At first Ian played up the connection between the album/concerts and the book and its author. Then he subdued the writer’s name and just mentioned the book. Then he downplayed the book’s title.

Leaving it out altogether isn’t an option. “This is one of my favorite books of all time. I don’t want to be accused of plagiarizing it. I’m proud of my adaptation. But I’m not adapting some subtext of the novel, or the realities of the writer’s life. I’m telling the story, and people don’t seem to want to get that.

“I’m proud of this project, worked on it for years. But I clearly haven’t worked out how to present it yet.

“Part of me still thinks that I’m going to be in my 40s and people are still going to be looking at me wondering if I’m for real. But I know in my heart that’s silly. The art is over there, and I’m myself, over here. I even think how people look at that author, and that little yellow book, will change.”

Notice how we got through this whole column without mentioning the noted author who’s colored this whole project with his irritatingly influential brilliance? That was intentional, though we don’t think it helped much.

Ian G. performs Friday in the Music School concert hall of the college on the hill. The solo set will include a suite of songs from his concept album plus a few Earnests hits.

The Saviles, The New Helen and Under the Balcony pop until they drop for an early show Saturday afternoon. But wait—there’s more! Millie and the Model Marvels are doing a one-off gig with vocalist Les Ballons of In the Gold Room, as The Model Millionaire. The live music rages from 2 p.m. until some sort of televised sporting match begins… Panthea, Roses & Rue and Quantum Mutata keep the gloom throbbing for a sardonic Saturday at Hamilton’s, where the big screen TV’s in a whole other room… The True Knowledge and Young King, Christian reggage, at D’ollaire’s…

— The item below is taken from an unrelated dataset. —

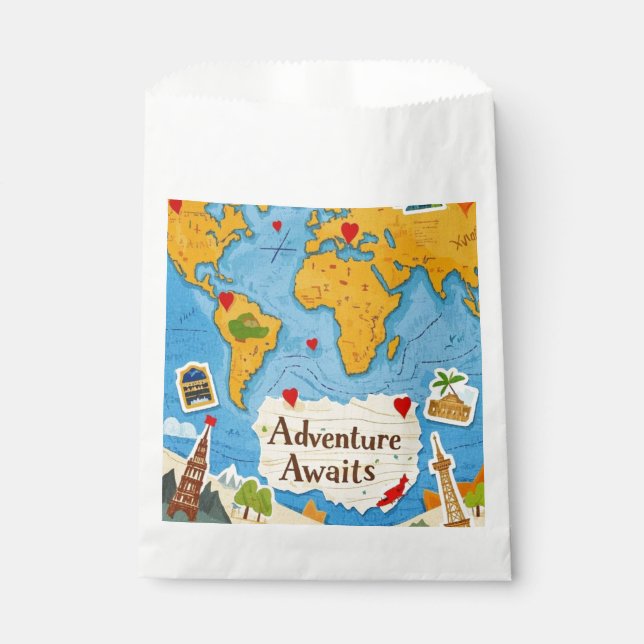 Sachets En Papier Planisphère Épingles à Cœur L'Aventure Attend (Devant)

Christopher Arnott Theater Projects You Can Join

A couple of real-world theater pursuits to share in:

1. I’m leading a theater workshop Tuesday Feb. 22 from 2-5:30 p.m. at Never Ending Books, 810 State St., New Haven. Children are especially invited, but it’s open to all ages. The concept is that we will collectively adapt, build, rehearse and perform a short play based on a theater classic. (For this first attempt, I’ve narrowed it down to either Chekhov or Aristophanes, depending on who shows up.) If this one works out, I’ll definitely do more. Admission is free. Call Never Ending overseer Roger Uihlein at (203) 773-9510 for more info.

2. I will be starting a new Playreading Gang, real soon, at the wonderful Institute Library on Chapel Street. A lot of folks remember that I used to gather with friends at Rudy’s Bar in New Haven and read theater scripts aloud. That gang lasted for over five years of Sunday night meetings, and led to several full-fledged theater productions in town. This one is likely to be somewhat more sedate, considering my age and sobriety, but some of the scripts will likely be the same and I’m hoping it will bring the same opportunity to share our theater tastes in a vocal, interactive manner. There’s a prerequisite to joining this Playreading Gang: membership in the , Institute Library, which currently costs $25 a year. Library membership has many other privileges: see www.institutelibrary.org for details. We have not yet scheduled when the readings will be. I’d like to hear from a few potential members and find out what’s best for them before finalizing the schedule. But it will be a regular thing, and I want to get started pronto!

Rock Gods #63: Adventures in Our Little Music Scene

Men in Bondage on an Easter Sunday have changed their name to Two Teachers—Nuts, Two Human Beings… Blurbs & Statements is now Ubiquitous Mailer vs. Monolithic Me… The Fabulous Dickie Boy undergone a sex change of sorts and reemerged as My Sister, Joyce Brothers… The 215,000 Word Habit has become The Kerouac Legacy…. Hearing the Story changed to This Cat’s Story… Inside the Green House has spun off into Two Hermit Gamblers… Coming Back to New York has expanded to Our Lunacy in America… City of Scars is toying with the new name How I Hated London Before I Got to Like It a Lot & Then Had to Go Away…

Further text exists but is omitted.